Produced by Joshua Astrachan, Carter Logan
Written and Directed by Jim Jarmusch
Starring Adam Driver, Golshifteh Farahani,
Barry Shabaka Henley, Cliff Smith,
Chasten Harmon,
William Jackson Harper

 
What is a story without a deep struggle of self?

The battle between inner or outer demons can do much of the heavy lifting when driving a story. It is all built in: passion, temptation, anger, possibly relief.

And yet, we know that life is not the stuff of movies (for most of us, anyways).

The happiness that comes from finding a groove and enjoying where you have landed is not the sexy material of most blockbusters but it can make for a captivating cinematic experience. With Paterson, Jim Jarmusch keeps the story simple, the overtures minimal, and the joy in the regular continuous.

The film follows Paterson (Adam Driver) through a week in his life as a bus driver in the city of Paterson, New Jersey.

His routine is straightforward and does not vary: work, home, walk the dog, and enjoy a beer at the neighborhood bar before returning to his wife Laura (Golshifteh Farahani). Perhaps with a stop to write a bit of poetry for himself if the mood strikes. Laura’s life, by contrast, is full of dreams of what could happen and what may come. Together they move through daily life in Paterson with the everyday ease of many of us.

There is little variation from day to day, but the characters are engaging in the way that the viewer instantly identifies with someone similar in their own life or neighborhood.

To provide a bit of fresh air each work day includes Paterson’s overheard conversations on the bus. They act as tiny one act plays in the midst of the film. The short scenes range from two men making general comments about women they have “almost” got with, to teenagers discovering the wonders of anarchism. This, combined with a few chance interactions on his walks, allow us insight into a man of few spoken words without the character having to constantly announce his opinion.

While there are some actors that have difficulty shedding typecasting for the roles that launched them into stardom, Adam Driver is completely believable as a working class bus driver with an appreciation and knack for poetry. He blends in to his surroundings as an observer, the quiet guy at the end of the bar who keeps to himself but never comes off as standoffish. The few times he comes forward to engage are natural and display a kindness that comes from finding balance in one’s life. Driver holds much underneath the surface and the small peeks he gives the audience are always rewarding.

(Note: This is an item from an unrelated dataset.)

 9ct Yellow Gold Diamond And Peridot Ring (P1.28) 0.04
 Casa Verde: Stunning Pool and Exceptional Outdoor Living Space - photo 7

Small details do give insight into the lives of Paterson and Laura. His work area features shelves of heavier fare from David Foster Wallace to William Carlos Williams (his favorite). It is clear that this is not some random savant but a person who has delved into some of the best writers and poets. Though his own poems are wonderful in their straightforward cadence (all written by Ron Padgett), this is treated not as a passion or calling but more of a hobby in the way that someone might collect stamps or build model trains.

Thankfully, Laura lives to dream for both of them.

From believing that ordering a guitar may lead to her being a country western star – well, if her turn selling cupcakes does not make her a maven of the baking world – to her endless desire to paint the house and anything that stays still in her signature black and white, Golshifteh Farahani brings an untethered lightness to her scenes. In a typical plot this may be where drama rears its head, but here their relationship is a straightforward case of yin and yang that shows how two distinctly different personalities can live in sync rather than constant strife.

The film flows over the viewer, continuous and gentle in its progress. There are no jolts or major surprises because this film (and life) does not require “gotcha” moments to be enjoyable.

Paterson turns prosaic from a literary slur to a celebration of knowing that you have found the best place for you at this time, and with a little luck you may have the distinct fortune of repeating the process over and over again as long as you can.